Work request: Retype nothing except the lines below from the one with "Legacy Classic Architect" through the one with "Toner Xerox 006R04834 Alta Ama Amarillo", exactly, with images left out.
*** Data in this exercise ***
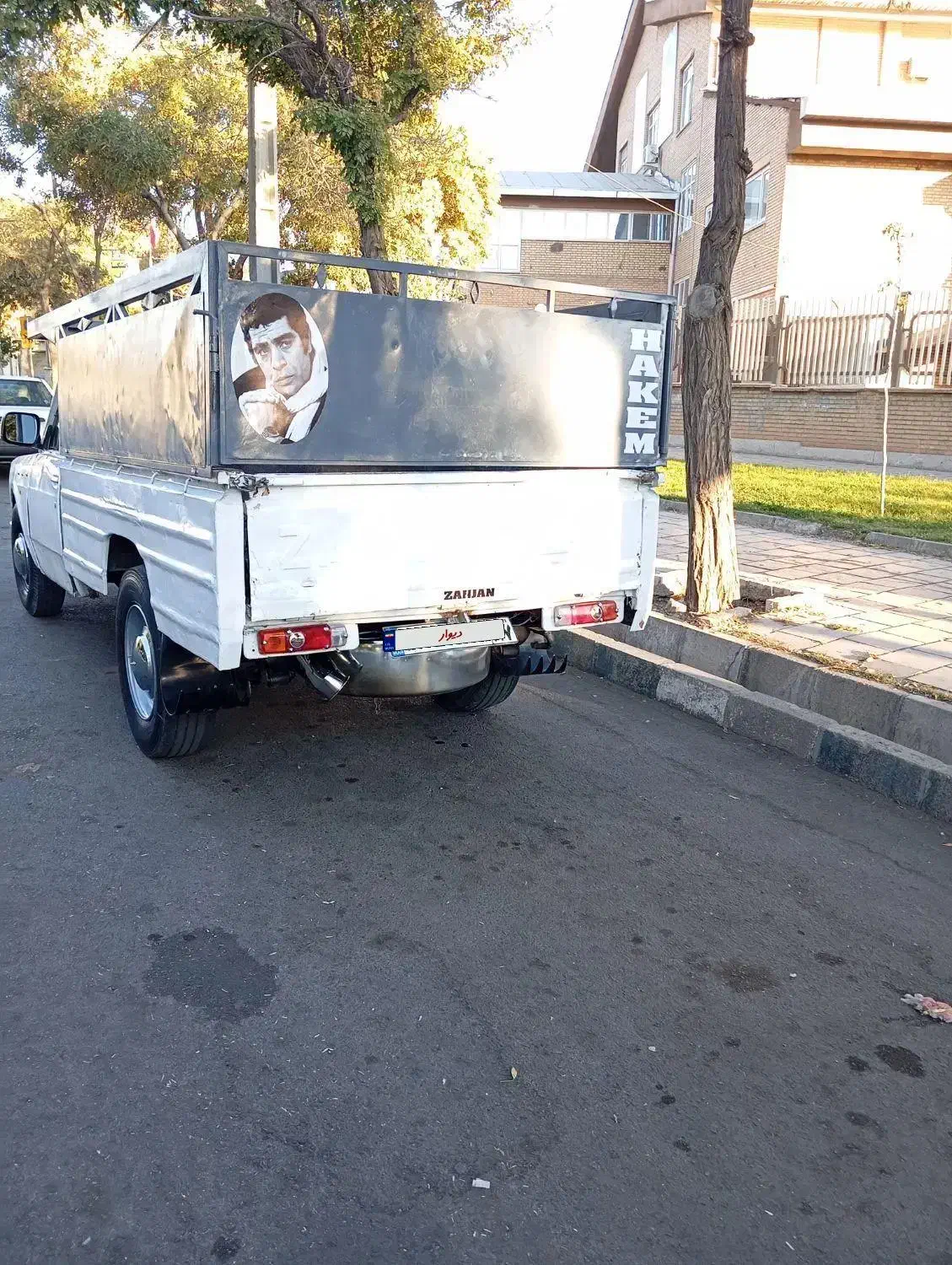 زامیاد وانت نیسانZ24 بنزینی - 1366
***
*** Data in this exercise ***
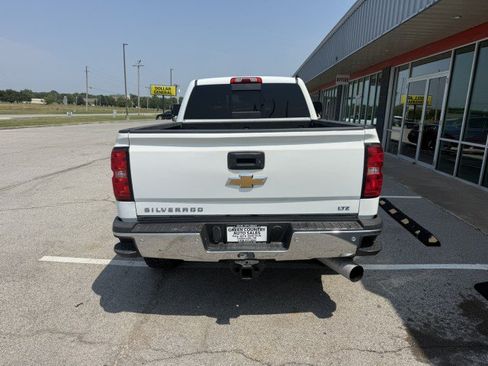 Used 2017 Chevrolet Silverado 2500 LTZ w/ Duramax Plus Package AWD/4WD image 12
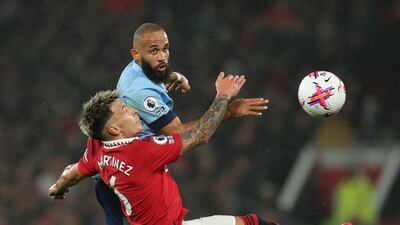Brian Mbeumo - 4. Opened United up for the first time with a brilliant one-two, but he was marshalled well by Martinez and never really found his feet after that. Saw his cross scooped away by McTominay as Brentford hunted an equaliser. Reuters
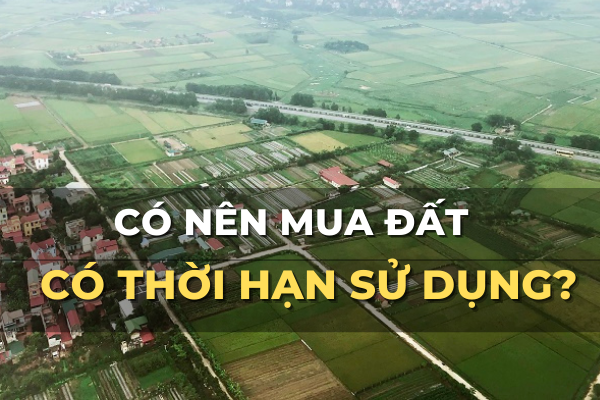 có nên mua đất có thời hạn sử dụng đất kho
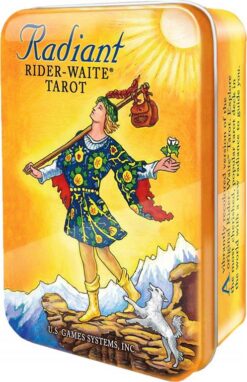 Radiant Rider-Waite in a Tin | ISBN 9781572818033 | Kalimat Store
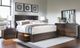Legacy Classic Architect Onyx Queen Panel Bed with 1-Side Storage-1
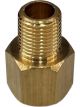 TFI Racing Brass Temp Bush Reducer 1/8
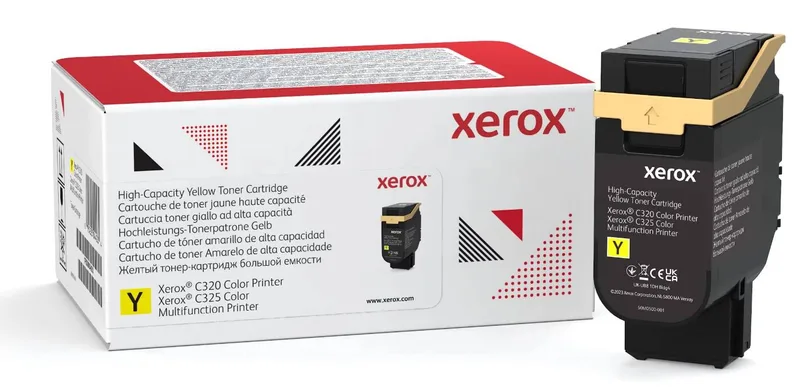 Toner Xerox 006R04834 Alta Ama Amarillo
***
Output of the task:
Legacy Classic Architect Onyx Queen Panel Bed with 1-Side Storage-1
 TFI Racing Brass Temp Bush Reducer 1/8
 Toner Xerox 006R04834 Alta Ama Amarillo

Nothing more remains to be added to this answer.